Ele relembrou a charge do comediante do El País, El Roto, na qual, no início da pandemia, desenhou um profeta vestido de Juan Bautista que dizia: “Encontrei a vacina”. "O que é isso?", eles perguntaram. "Outra maneira de viver", respondeu ele. Mas eles o tomaram por louco.
Em maio de 2022, participou da reunião da Fundação Pere Casaldáliga com uma conferência sobre a teologia poética de Pedro Casaldáliga na qual destacou sua imagem de Jesus, neste poema: "Jesús de Nazaré, filho e irmão, / vivendo de Deus e pão na mão,/ companheiro de estrada e de jornada,/ libertador total da nossa vida,/ que vem pelo mar, com a aurora,/ as chagas e as brasas”. Ele lembrou que foi enterrado olhando para o rio Araguaia, “rio que simboliza o mar Vermelho, o Jordão e o lago de Tiberíades, e que ressuscitou na memória dos camponeses, negros e indígenas”.

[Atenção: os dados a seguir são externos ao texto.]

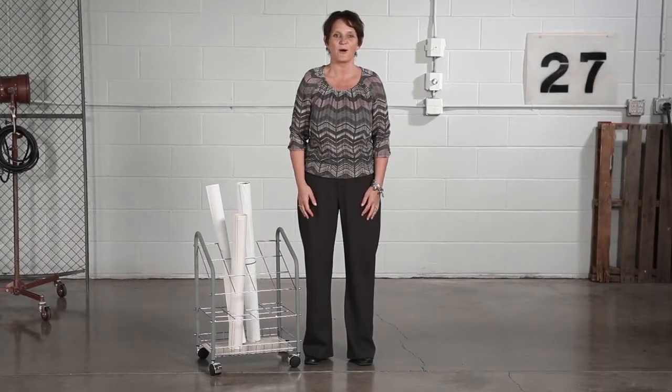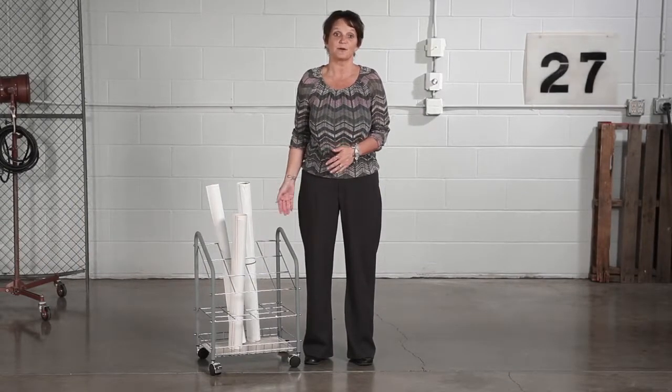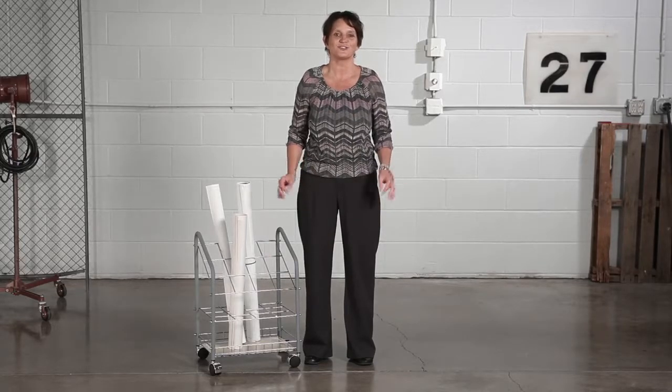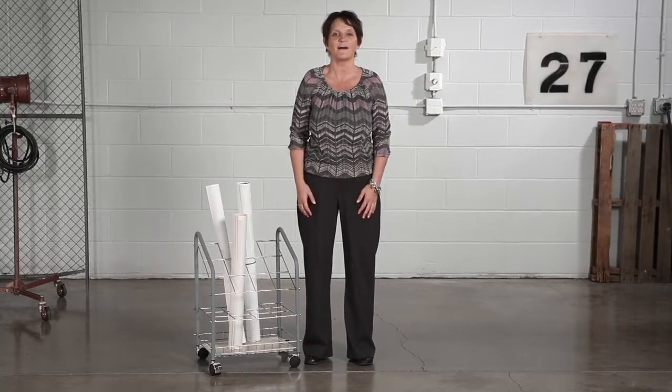Hi, we're back with another me moment. Today we'd like to talk to you about Safeco's tubular steel wire roll files. Get ready to steal the show with the tubular steel wire roll files.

“Os pobres o ensinaram a ler o Evangelho”, afirma Víctor Codina: é a melhor síntese da vida de Casaldáliga.
Conheci Víctor Codina em 1980 nas reuniões de fundação da Associação de Teólogos João XXIII e no primeiro Congresso de Teologia realizado no ano seguinte. Desde então mantemos uma relação muito cordial e afinada, facilitada por sua gentileza sempre na superfície. Agradeci a generosa resenha que fez do meu livro juvenil Um projeto de Igreja para o futuro na Espanha (San Pablo, Madri, 1978; nova edição atualizada em San Pablo, 2015) na revista Seleciones de Teología.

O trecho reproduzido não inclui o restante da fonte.